Él se rio y entonces supe que estaba sola en ese barco de la frustración del querer (y no poder) atravesar.
A las pocas semanas de ser dueña (¡al fin!) de un jardín, entendí que el espacio era nuestro, sí, pero sobre todo era de los animales salvajes. Culebras negras, serpientes rojas, iguanas de todos los colores y tamaños, tantos lagartos como palomitas en un cine, zorros, gallinas, mapaches, zarigüeyas, ardillas y, los (entonces) reyes de mi corazón: pavos reales.
Unas semanas más tarde, hablando con una vecina, me cayó un dato como una roca despeñándose sobre mi cabeza: “Aquí todo el mundo los odia. Hay algunos vecinos que incluso los atropellan… Con muchísima satisfacción.” Mi cara era un poema de Bukowski, imposible, no podía creerlo. ¿Cómo alguien vivo, un humano con órganos en marcha y sangre caliente puede odiar criaturas tan hermosas? ¿Qué clase de seres malignos tengo como vecinos?
Pues bien, pasaron los días y los meses y los años. Dejé de hacer fotos cada vez que veía un animal a través de las ventanas. Después, dejé de impresionarme. Después dejé de mencionarlo en voz alta. Hasta que, finalmente, dejé de verlos.
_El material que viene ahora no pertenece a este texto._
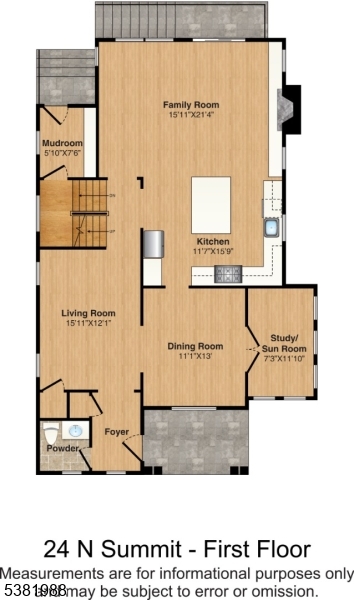 Chatham Boro-walk to train - Residential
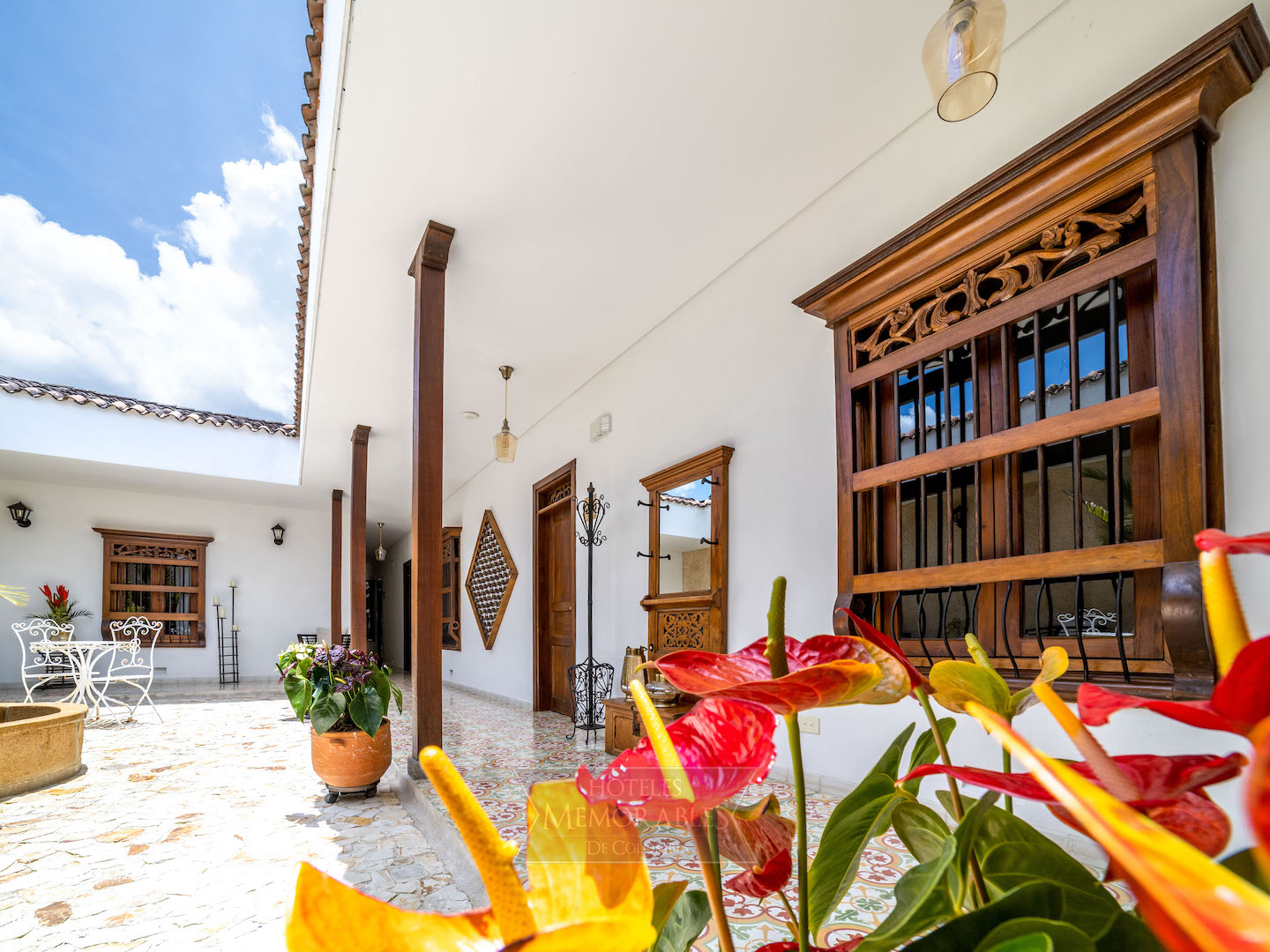 Casa Passiflora Hotel Boutique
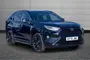 2020 Toyota RAV4 2.5 VVT-i Hybrid Black Edition 5dr CVT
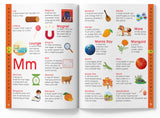1200 Words Picture Dictionary - Retail Maharaj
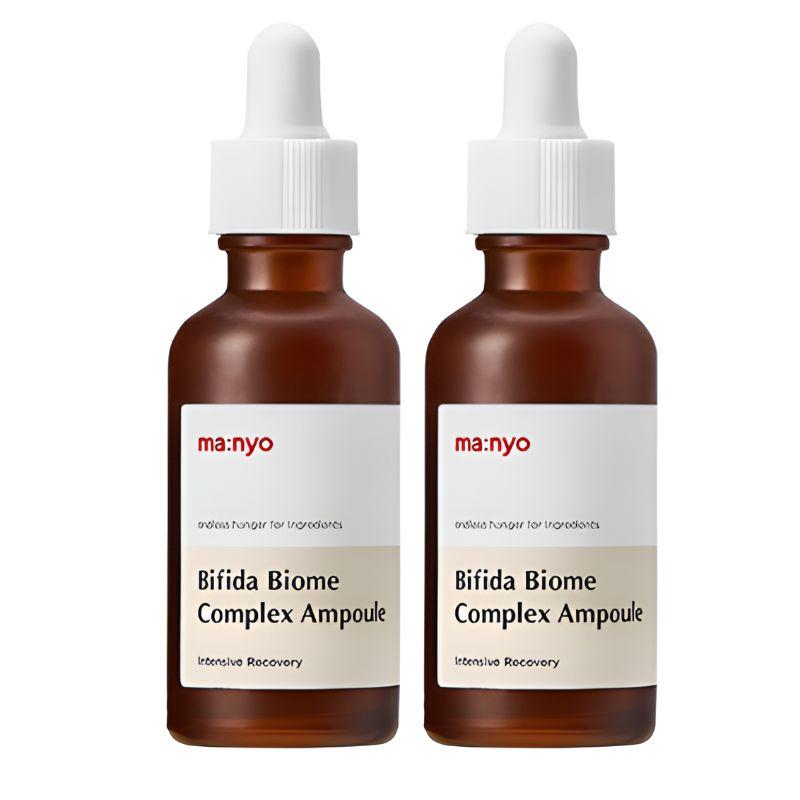 Manyo Factory Bifida Biome Complex Ampoule Set (50ml x 2)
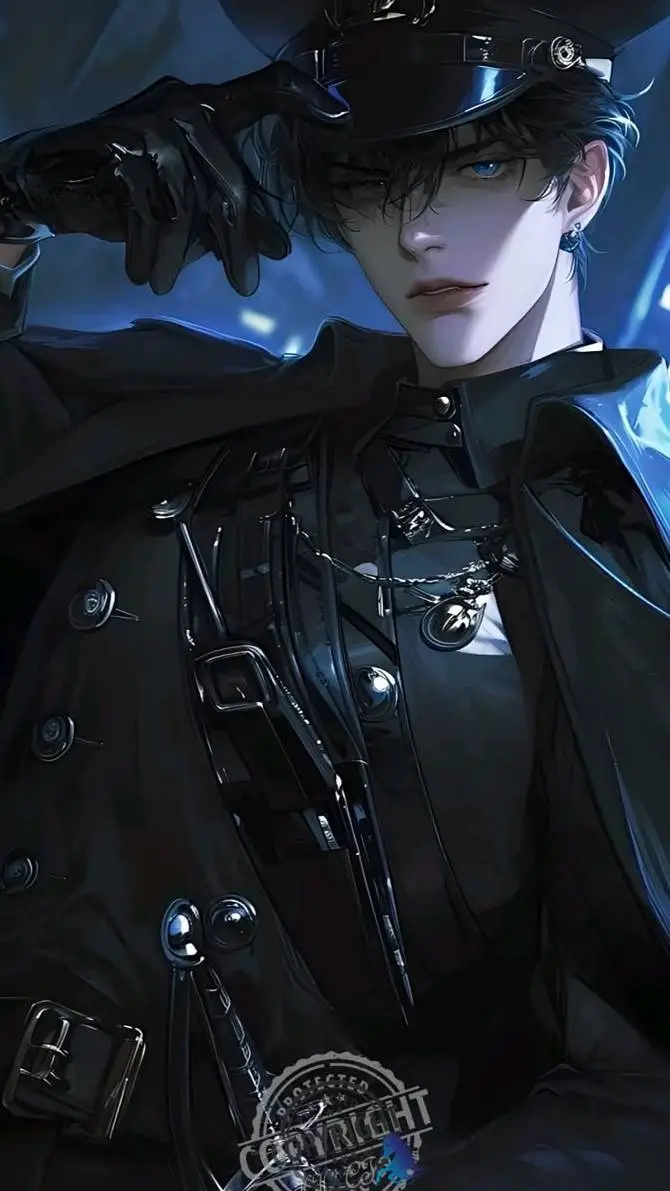 ai character: Zeus 💋 background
La magia fue reemplazada por la ciencia: los cacareos a todo volumen a las 5 de la mañana, las heces por todas partes, las plantas picoteadas y mis hierbas aromáticas, reducidas a tallos desnudos.
Si alguna vez había alimentado a esas aves con arándanos ecológicos de ocho dólares, ahora las ahuyentaba dando palmas y gritando “¡Fuera, fuera!”
Hace muy poco que he adoptado una práctica que nunca creí que pudiese ser mía. Una actividad de la que hasta me reía. Salir a correr. Ahora, algunos días, salgo a trotar a las seis de la mañana por mi barrio. No lo hago porque me quiera apuntar a una carrera, o porque quiera mejorar mis tiempos, o porque desee aumentar mi capacidad cardiovascular (eso es solo lo que le digo a mi entrenador.) Lo que ansío es atravesar. Moverme como un animal salvaje antes de que salga el Sol y me queme la piel. Inhalar los troncos, la tierra, las flores, la sal del mar, meterlos dentro de mí. Así, rozo un tipo de embriaguez que todavía me sorprende por su naturaleza novedosa. El amanecer consigue ofrecerme eso: la belleza en una bandeja por el módico precio de despertarme antes de lo que me gustaría y sudar más de lo que debería estar permitido. Aún así, me la ofrece. Yo la miro de reojo, desconfiada. Y con la incógnita de no saber cuánto durará esta reverencia, yo alargo mi brazo y cojo la belleza.